Elliott Gould recently celebrated his eightieth birthday, which presents a fitting moment to appreciate his contributions as one of the notable participants in the New Hollywood. From 1968 to 1977 (stretching slightly here to include Capricorn One, a ridiculous movie that we have a tremendous fondness for), Gould appeared in a score of feature films. That number might have been even higher, but for a period between 1971 and 1973 when his reputation for being “difficult” led to a hiatus in his employability. (We should note this was largely old school “fighting over content” difficult, not “I want peeled grapes and sushi in my all-white dressing room” difficult. And he couldn’t have been that difficult—Robert Altman and Paul Mazursky each wanted to sign him up for back-to-back efforts, but Gould curiously turned down both McCabe & Mrs. Miller and Alex in Wonderland.)
Of those many movies, a good number fall in the category of fair-to-middling (partially a function, as suggested above, of the actor’s idiosyncratic choices). The period-pitched college-campus-in-upheaval Getting Straight, opposite Candice Bergen and Jeff Corey, has many strong moments (and wears its years better than the “isn’t monogamy hard in the seventies” comedies Move and I Love my Wife, both from 1970, wherein our hero struggles to find happiness with Paula Prentiss and Brenda Vaccaro, respectively). Gould also showed a flair for action, with the very-seventies cop film Busting alongside Robert Blake and the always welcome Allen Garfield, and the similarly-seventies espionage thriller Who?
Gould’s case for the New Hollywood Hall of Fame, however, is not based on his singles and doubles, but a half dozen tape-measure home runs, in an impressive run of films from 1969-1974: Bob & Carol & Ted & Alice (1969), MASH (1970), Little Murders (1971), The Touch (1971), The Long Goodbye (1973), and California Split (1974).
Paul Mazursky’s debut feature is set in motion by the revolutionary, new-age lifestyle choices embraced by Bob & Carol (Robert Culp and Natalie Wood). But as the movie smartly and slyly suggests, more interesting still is the effect of those choices on their straight-laced best friends.
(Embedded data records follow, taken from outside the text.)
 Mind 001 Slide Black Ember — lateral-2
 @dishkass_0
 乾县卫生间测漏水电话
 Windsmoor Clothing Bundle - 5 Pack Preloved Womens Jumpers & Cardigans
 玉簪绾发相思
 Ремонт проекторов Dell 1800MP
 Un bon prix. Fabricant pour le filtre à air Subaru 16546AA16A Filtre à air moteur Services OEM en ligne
Gould, as Ted (Dyan Cannon plays Alice), is at the center of this, in an extraordinary performance highlighted by a harrowing, Cassavetes-worthy bedroom argument that extends for ten discomforting minutes.
MASH was the first of Gould’s three Altman collaborations (a cameo in Nashville would make four); it was also where Gould first encountered Donald Sutherland. After first circling each other warily, the two actors became very close friends, and, in turn, famously clashed with Altman throughout the production. Gould, of course, would come to see Altman quite differently: “God, Robert Altman… You’ll bring me to tears. I mean, he was like my father. I just loved him, and there was so much other work, more work that we talked about and would’ve loved to have done together.” What they did accomplish together, of course, was quite special. In addition to MASH, they collaborated on California Spilt (Gould alongside George Segal in an incisive portrait of compulsive gamblers, usually associated with Altman’s love of such activities and his penchant for taking wild risks, but which Gould also describes as “semi-autobiographical”), and The Long Goodbye, one the landmarks of the seventies.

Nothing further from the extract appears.